I fratelli Coen ritornano per raccontarci il mondo anni Cinquanta degli Studios più famosi attraverso una spettacolarizzazione del cinema e la loro immancabile scelta per personaggi fuori dal comune (come il circolo degli sceneggiatori comunisti, dei Trumbo estremizzati).
Ma non è solo fiction, i Coen hanno interpretato la figura Eddie Mannix, che è realmente esistita, come produttore che organizza e risolve i problemi della sua casa di produzione. Eddie non perde tempo a schiaffeggiare gli attori, a nascondere le gravidanze inattese, a minacciare le giornaliste in caso di scoop sui propri prodotti cinematografici e scandali sessuali. Le confessioni di Eddie Mannix che ha peccato nel nome di Hollywood aprono il film e ci presentano le logiche di una produzione così grande, ingestibile con storie da nascondere e sigillare. Anche gli altri personaggi sono ispirati a figure importanti del mondo del cinema.
Nel film la produzione si chiama Capitol Pictures, quasi a ricordare «Das Kapital con la K» come suggerisce l’attore Baird Whitlock (George Clooney) quando scopre di lavorare per il Nemico, il sistema capitalista hollywoodiano, o così gli hanno detto dopo averlo rapito al circolo dei comunisti tra tramezzini e filosofia.
La Capitol altro non è che la reale MGM dove il vero Eddie Mannix, assieme al controverso Louis B. Mayer, lavorava come general manager, una figura chiave per quegli anni. Chiamato the fixer per la sua abilità a risolvere i problemi delle star, era considerato da molti, come Clark Gable e Spencer Tracy, un amico intimo. Come accade in una vera e propria grande famiglia i panni venivano lavati in casa. Le storie e gli scandali sono molteplici, dall’incidente stradale a causa dell’alcool di Gable, all’insabbiamento delle storie omosessuali sia di William Haines che di Greta Garbo fino ad arrivare alla morte di George Reevers. Offriva storie alternative, cercava alibi e distraeva i giornali dallo scrivere delle storie sugli attori che potevano incrinare il divismo tipico di quegli anni dove gli attori erano considerati dei miti. Creava delle vite migliori, ristabiliva il concetto di star per il pubblico, creava delle famiglie da copertina di Vogue per fidelizzare e far ammirare le star.
I Coen fanno centro puntando sulla commedia, un pastiches di storie e problematiche che fanno comprendere lo star system, ragionando su cosa era nel passato.

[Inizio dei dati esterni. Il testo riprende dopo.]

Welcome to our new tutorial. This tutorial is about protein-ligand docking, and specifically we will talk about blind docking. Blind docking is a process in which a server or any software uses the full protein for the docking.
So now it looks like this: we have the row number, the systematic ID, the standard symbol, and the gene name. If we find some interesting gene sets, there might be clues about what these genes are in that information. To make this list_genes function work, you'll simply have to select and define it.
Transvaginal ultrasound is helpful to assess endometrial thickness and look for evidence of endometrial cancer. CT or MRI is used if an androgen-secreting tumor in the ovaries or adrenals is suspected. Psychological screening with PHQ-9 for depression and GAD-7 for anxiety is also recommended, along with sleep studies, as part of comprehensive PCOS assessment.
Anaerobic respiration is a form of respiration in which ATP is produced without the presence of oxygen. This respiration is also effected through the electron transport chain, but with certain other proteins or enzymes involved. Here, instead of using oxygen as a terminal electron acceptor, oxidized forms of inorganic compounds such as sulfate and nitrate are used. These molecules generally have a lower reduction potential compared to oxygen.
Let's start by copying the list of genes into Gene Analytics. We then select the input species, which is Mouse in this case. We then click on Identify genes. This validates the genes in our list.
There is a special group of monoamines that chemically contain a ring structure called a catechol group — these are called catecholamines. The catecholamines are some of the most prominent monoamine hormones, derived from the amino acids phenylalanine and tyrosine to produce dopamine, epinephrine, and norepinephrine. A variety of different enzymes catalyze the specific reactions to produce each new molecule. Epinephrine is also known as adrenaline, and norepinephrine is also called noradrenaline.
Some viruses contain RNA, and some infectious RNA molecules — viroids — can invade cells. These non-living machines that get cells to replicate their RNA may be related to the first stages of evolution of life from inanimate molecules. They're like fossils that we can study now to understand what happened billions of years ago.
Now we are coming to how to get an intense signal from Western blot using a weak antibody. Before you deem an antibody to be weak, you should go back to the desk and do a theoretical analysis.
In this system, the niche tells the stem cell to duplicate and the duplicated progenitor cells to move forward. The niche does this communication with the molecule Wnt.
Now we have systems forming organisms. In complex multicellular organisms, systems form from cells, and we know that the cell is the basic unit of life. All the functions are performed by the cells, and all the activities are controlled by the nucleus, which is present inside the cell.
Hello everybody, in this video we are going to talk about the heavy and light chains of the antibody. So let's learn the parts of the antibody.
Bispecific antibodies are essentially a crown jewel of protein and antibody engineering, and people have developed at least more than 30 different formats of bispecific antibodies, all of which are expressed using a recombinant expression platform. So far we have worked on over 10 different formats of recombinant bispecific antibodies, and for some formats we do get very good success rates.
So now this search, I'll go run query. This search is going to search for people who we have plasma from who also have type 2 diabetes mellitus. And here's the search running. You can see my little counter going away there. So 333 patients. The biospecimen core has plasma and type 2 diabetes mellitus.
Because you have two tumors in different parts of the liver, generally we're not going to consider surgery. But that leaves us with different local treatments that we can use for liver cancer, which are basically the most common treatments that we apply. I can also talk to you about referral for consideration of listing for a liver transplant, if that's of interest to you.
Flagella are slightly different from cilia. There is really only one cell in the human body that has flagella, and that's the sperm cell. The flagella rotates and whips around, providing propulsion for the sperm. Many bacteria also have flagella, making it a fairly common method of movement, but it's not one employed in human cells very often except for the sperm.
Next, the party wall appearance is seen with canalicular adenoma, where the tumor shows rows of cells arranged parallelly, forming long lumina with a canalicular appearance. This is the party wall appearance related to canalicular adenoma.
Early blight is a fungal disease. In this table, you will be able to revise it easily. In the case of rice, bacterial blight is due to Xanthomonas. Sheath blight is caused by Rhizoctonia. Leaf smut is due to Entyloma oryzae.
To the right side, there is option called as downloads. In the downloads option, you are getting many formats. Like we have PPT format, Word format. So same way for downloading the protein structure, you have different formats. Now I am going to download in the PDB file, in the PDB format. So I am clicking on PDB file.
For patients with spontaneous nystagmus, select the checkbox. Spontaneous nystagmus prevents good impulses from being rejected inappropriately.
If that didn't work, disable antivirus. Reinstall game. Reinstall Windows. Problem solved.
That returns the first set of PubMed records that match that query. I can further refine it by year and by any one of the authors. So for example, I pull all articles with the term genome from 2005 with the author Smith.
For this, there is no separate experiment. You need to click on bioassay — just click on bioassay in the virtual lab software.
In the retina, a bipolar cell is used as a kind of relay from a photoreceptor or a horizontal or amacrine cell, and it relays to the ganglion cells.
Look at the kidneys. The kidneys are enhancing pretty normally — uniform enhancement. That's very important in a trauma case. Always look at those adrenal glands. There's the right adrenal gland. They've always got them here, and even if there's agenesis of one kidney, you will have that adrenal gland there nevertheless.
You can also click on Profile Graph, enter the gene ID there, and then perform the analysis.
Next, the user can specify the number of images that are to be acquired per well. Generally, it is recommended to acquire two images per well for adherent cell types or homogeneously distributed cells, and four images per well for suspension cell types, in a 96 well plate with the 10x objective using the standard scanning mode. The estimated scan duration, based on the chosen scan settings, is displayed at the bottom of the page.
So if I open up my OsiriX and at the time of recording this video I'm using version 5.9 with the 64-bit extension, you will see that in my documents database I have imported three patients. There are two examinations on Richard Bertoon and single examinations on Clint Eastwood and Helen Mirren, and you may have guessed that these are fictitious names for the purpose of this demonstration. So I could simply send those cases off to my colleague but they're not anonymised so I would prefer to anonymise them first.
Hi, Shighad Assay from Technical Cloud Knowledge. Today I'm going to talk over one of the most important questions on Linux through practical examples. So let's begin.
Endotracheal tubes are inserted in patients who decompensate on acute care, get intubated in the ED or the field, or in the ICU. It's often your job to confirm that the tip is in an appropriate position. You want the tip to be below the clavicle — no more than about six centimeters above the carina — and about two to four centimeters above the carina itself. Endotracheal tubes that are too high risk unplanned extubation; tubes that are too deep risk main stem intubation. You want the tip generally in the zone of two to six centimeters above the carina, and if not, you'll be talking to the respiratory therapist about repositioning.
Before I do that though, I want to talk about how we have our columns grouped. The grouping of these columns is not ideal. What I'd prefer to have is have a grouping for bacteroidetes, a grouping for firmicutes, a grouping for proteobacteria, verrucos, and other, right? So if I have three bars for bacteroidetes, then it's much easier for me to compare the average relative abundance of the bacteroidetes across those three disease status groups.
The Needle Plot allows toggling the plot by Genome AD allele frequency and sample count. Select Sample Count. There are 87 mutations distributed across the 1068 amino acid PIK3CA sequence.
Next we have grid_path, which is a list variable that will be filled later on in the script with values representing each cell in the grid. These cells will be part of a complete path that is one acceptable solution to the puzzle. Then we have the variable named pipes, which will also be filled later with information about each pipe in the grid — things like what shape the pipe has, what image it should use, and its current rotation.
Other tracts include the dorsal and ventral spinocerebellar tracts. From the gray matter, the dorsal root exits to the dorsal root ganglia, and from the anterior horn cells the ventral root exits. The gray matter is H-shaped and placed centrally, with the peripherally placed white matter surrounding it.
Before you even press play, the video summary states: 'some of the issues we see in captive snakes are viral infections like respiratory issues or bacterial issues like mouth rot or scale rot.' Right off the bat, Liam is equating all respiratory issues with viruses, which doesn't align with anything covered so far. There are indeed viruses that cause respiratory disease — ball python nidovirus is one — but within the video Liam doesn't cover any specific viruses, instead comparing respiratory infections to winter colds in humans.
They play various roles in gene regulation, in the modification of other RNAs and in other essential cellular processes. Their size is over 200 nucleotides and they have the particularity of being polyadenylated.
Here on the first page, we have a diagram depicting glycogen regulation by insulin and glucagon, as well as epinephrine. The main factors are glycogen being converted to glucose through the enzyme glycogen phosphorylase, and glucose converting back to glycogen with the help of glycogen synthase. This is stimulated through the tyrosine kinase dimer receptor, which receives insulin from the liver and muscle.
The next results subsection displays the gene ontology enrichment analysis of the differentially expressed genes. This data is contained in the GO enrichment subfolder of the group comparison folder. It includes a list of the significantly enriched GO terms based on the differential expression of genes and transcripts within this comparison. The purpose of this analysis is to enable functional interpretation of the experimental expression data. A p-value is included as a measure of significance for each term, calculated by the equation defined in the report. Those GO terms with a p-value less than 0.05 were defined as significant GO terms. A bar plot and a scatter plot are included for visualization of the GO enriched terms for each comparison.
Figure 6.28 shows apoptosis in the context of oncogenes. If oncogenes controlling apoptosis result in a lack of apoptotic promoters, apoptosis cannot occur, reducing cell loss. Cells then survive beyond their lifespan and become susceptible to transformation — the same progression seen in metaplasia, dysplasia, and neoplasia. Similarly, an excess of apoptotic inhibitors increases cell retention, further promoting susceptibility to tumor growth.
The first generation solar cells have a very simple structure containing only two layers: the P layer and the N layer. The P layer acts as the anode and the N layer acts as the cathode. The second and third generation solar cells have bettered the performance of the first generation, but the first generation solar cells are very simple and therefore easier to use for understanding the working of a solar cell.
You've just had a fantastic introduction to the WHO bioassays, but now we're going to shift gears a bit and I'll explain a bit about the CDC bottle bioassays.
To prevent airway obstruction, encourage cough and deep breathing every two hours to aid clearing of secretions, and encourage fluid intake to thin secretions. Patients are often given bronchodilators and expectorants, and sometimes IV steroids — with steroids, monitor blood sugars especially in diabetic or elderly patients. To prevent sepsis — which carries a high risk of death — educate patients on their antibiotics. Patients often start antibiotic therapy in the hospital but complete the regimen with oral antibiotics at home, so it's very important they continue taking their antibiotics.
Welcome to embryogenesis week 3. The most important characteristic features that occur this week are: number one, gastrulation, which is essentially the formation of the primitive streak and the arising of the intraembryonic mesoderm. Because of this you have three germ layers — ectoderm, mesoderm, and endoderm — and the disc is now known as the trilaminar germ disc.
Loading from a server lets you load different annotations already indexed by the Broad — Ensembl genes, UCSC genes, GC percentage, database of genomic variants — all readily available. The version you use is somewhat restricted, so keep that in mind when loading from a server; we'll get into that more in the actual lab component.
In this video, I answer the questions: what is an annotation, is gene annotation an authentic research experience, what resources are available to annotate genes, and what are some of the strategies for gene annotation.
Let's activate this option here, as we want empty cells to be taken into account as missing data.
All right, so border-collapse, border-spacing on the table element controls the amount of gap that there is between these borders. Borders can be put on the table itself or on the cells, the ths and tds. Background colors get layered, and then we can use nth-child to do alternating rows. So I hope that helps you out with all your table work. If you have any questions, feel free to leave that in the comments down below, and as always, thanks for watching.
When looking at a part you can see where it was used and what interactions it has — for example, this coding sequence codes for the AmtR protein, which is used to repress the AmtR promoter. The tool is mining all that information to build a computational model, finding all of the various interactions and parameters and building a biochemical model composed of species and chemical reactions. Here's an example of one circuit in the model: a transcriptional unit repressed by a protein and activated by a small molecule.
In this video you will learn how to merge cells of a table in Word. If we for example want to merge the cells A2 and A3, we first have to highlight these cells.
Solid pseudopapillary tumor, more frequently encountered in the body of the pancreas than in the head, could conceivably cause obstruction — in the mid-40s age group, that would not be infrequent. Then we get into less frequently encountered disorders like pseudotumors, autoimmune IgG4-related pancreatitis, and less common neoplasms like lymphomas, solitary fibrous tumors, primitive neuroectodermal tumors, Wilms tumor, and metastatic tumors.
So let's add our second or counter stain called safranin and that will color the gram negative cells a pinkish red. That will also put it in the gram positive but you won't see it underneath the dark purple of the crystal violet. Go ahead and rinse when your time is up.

Joel Coen nella bizzarra intervista su Variety descrive la figura di Eddie «come una persona sana in un universo insano. Il business del cinema è come un asilo lunatico». E quando gli chiedono nell’intervista all’Economist di comparare con la situazione attuale, Joel risponde che «Hollywood non è cambiata ma fondamentalmente ha perso quel lato romantico, ora le logiche sono diverse negli Studios». La scelta è quindi ricaduta sulla Golden Age hollywoodiana sia per la spettacolarizzazione che per i gossip che si creavano, il mondo bellissimo agli occhi del pubblico che viene denudato da Ave Cesare! alla maniera dei Coen, tra il grottesco e il patinato.